▶ _Records from a data source_
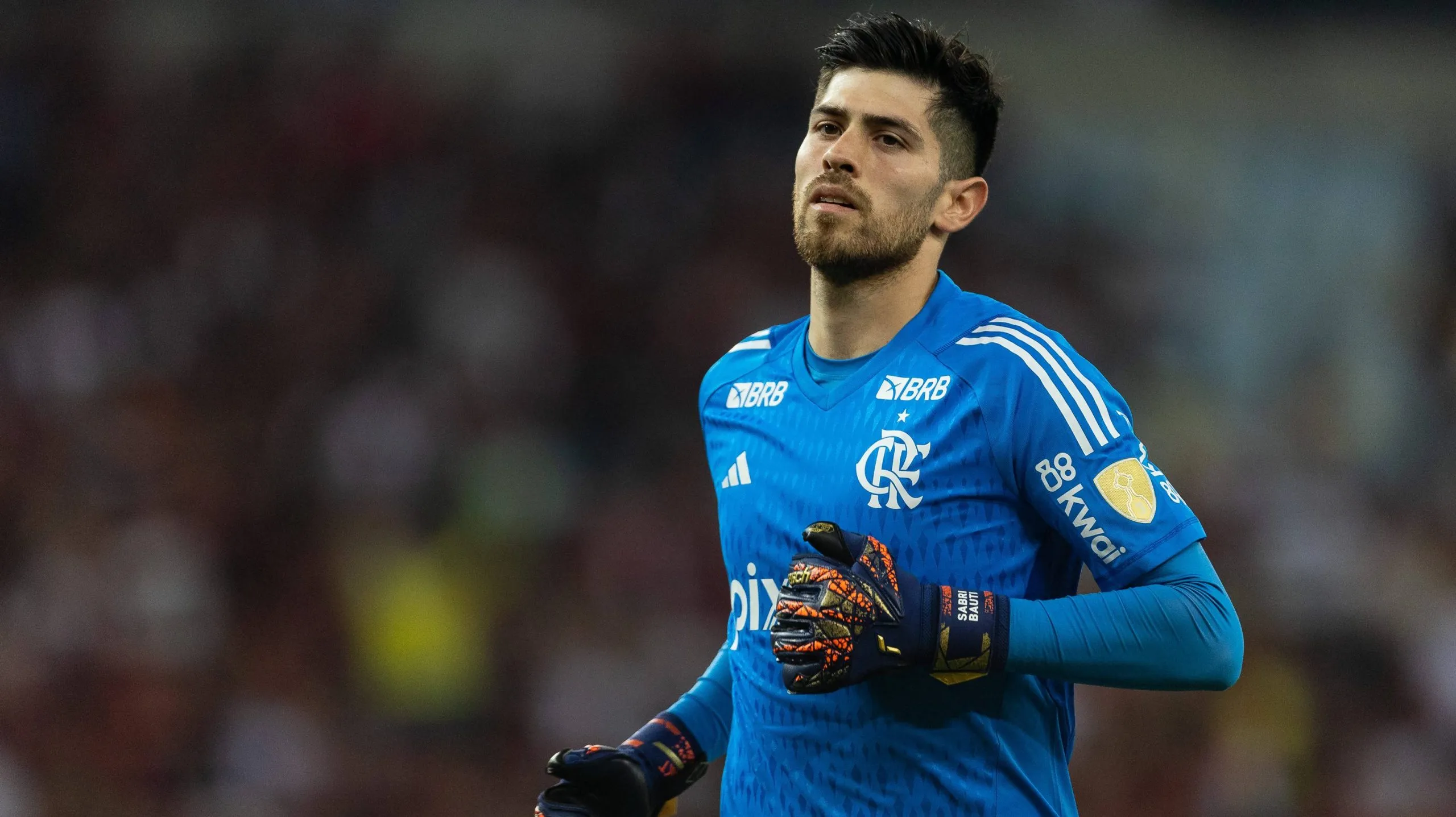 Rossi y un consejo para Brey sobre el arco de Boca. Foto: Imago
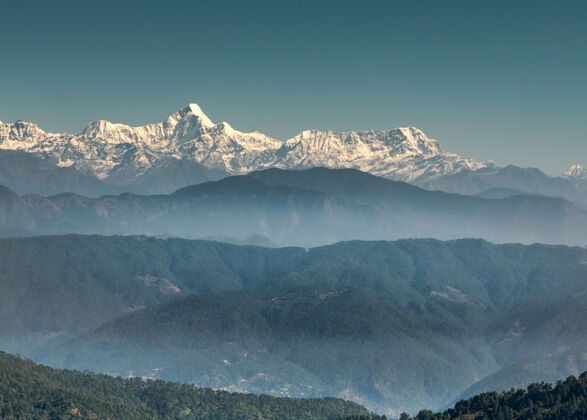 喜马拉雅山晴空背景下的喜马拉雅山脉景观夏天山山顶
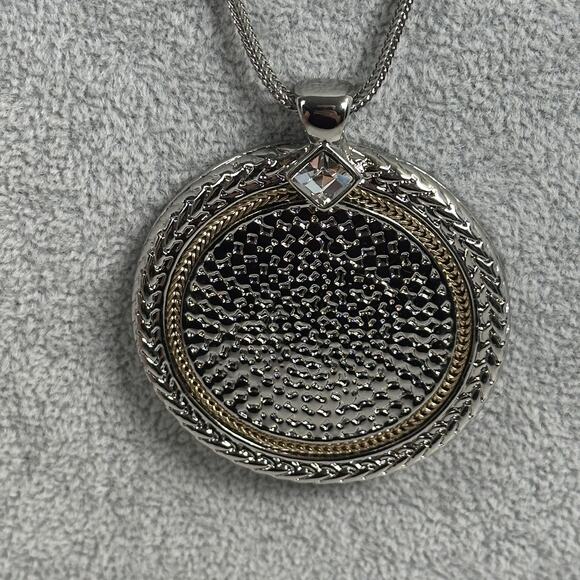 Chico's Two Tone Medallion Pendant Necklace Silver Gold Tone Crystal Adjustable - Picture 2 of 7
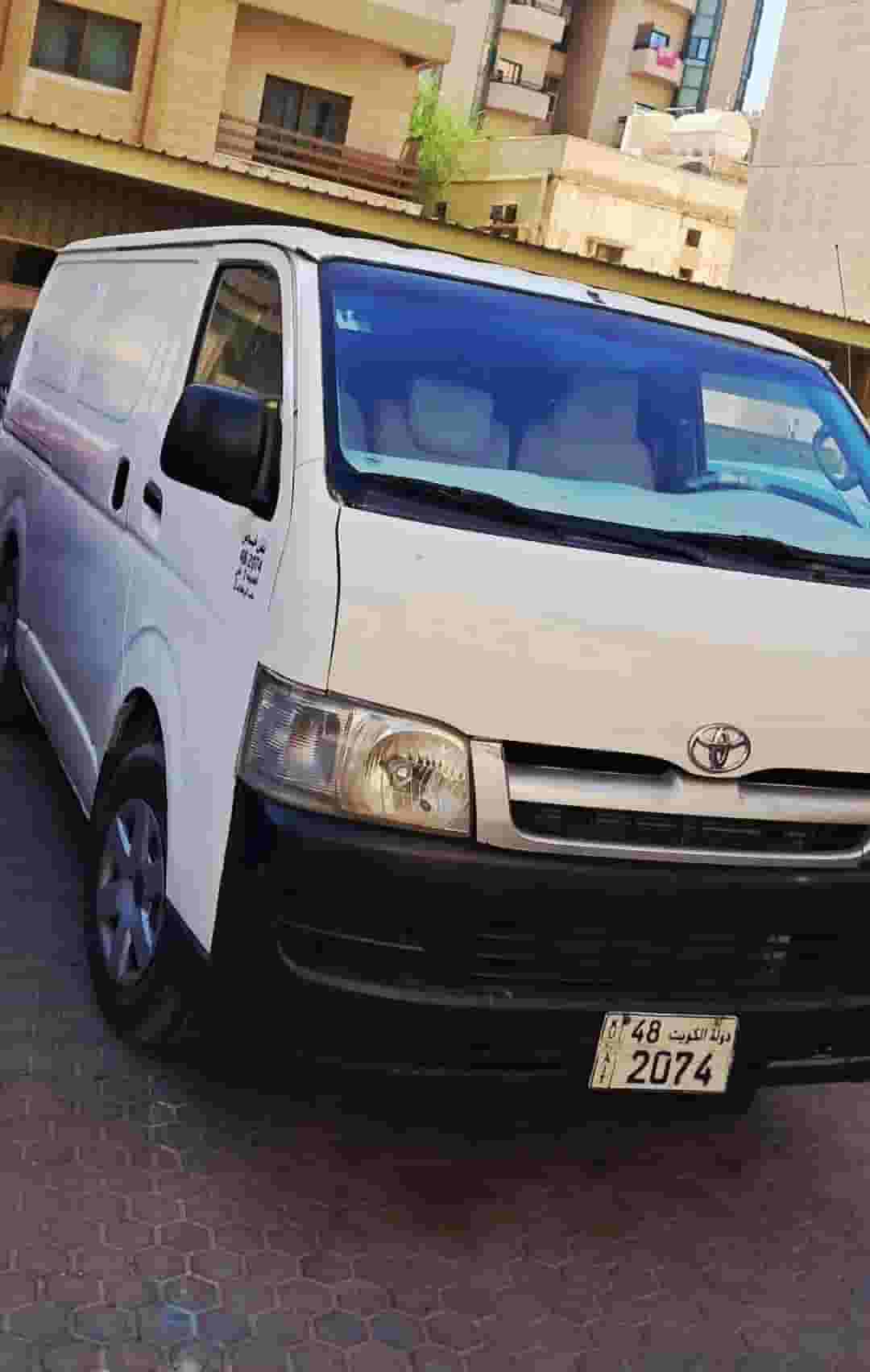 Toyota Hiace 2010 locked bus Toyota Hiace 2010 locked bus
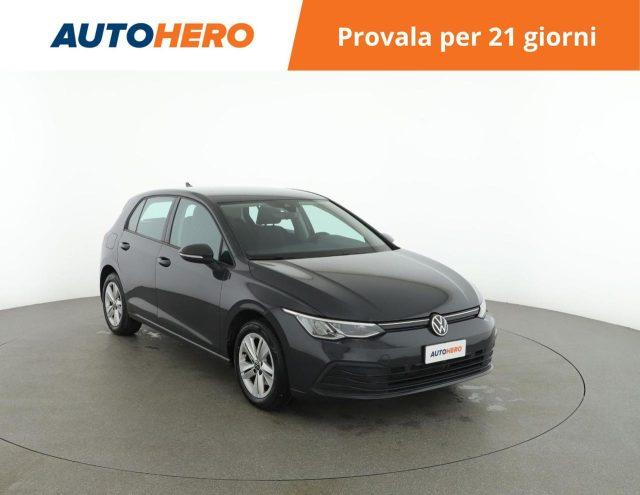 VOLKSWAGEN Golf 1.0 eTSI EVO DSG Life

▶ _Assignment_
Please return only the lines running from the line with "喜马拉雅山晴空背景下的喜马拉雅山脉景观夏天山山顶" to the final line of the data, both included, exactly and without any pictures.

▶ _Result of the exercise_
 喜马拉雅山晴空背景下的喜马拉雅山脉景观夏天山山顶
 Chico's Two Tone Medallion Pendant Necklace Silver Gold Tone Crystal Adjustable - Picture 2 of 7
 Toyota Hiace 2010 locked bus Toyota Hiace 2010 locked bus
 VOLKSWAGEN Golf 1.0 eTSI EVO DSG Life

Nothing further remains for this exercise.